_Data section_
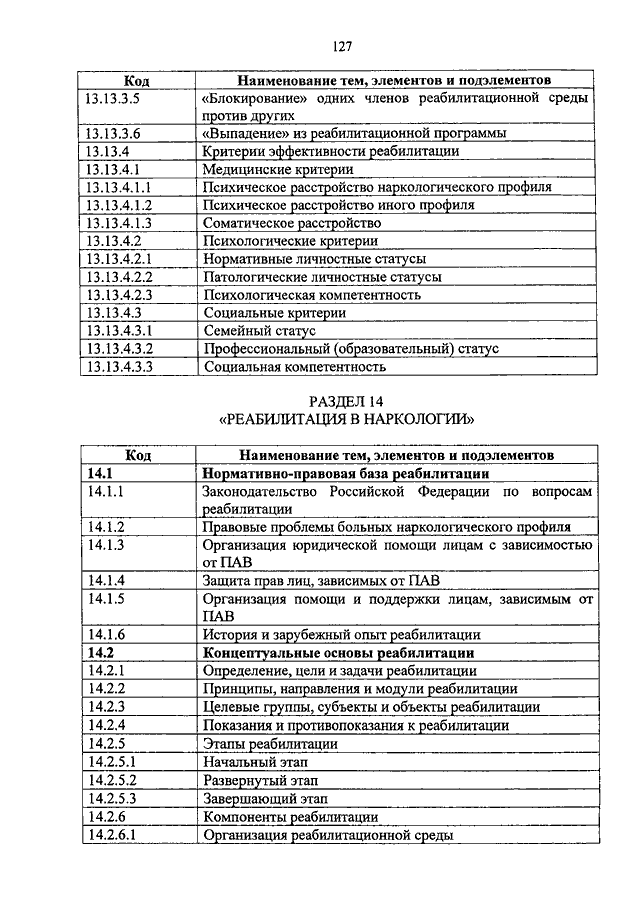 ПРИКАЗ Минздрава РФ От 22.01.2014 N 35н "ОБ УТВЕРЖДЕНИИ ПРИМЕРНЫХ.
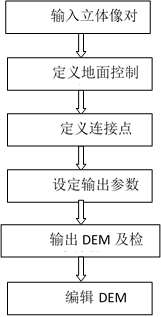 envi提取像元值_envi中建筑物提取步骤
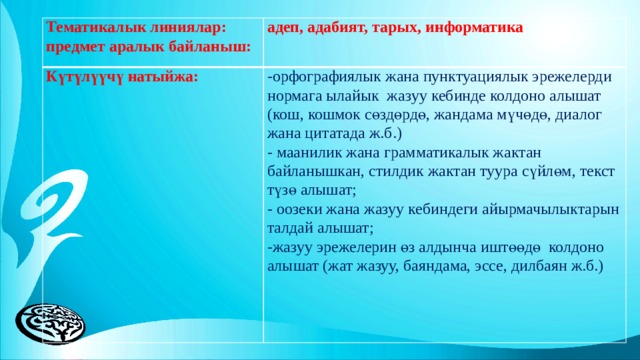 Тематикалык линиялар: предмет аралык байланыш: адеп, адабият, тарых, информатика Күтүлүүчү натыйжа:     -орфографиялык жана пунктуациялык эрежелерди нормага ылайык жазуу кебинде колдоно алышат (кош, кошмок сөздөрдө, жандама мүчөдө, диалог жана цитатада ж.б.) - маанилик жана грамматикалык жактан байланышкан, стилдик жактан туура сүйлөм, текст түзө алышат; - оозеки жана жазуу кебиндеги айырмачылыктарын талдай алышат; -жазуу эрежелерин өз алдынча иштөөдө колдоно алышат (жат жазуу, баяндама, эссе, дилбаян ж.б.) 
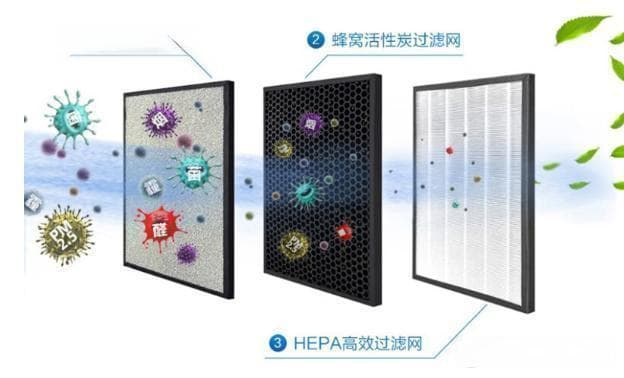 秋冬防霾神器：如何选对HEPA滤网？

_Task brief_
The listing above is to be retyped word for word, with the pictures omitted.

_Result_
 ПРИКАЗ Минздрава РФ От 22.01.2014 N 35н "ОБ УТВЕРЖДЕНИИ ПРИМЕРНЫХ.
 envi提取像元值_envi中建筑物提取步骤
 Тематикалык линиялар: предмет аралык байланыш: адеп, адабият, тарых, информатика Күтүлүүчү натыйжа:     -орфографиялык жана пунктуациялык эрежелерди нормага ылайык жазуу кебинде колдоно алышат (кош, кошмок сөздөрдө, жандама мүчөдө, диалог жана цитатада ж.б.) - маанилик жана грамматикалык жактан байланышкан, стилдик жактан туура сүйлөм, текст түзө алышат; - оозеки жана жазуу кебиндеги айырмачылыктарын талдай алышат; -жазуу эрежелерин өз алдынча иштөөдө колдоно алышат (жат жазуу, баяндама, эссе, дилбаян ж.б.) 
 秋冬防霾神器：如何选对HEPA滤网？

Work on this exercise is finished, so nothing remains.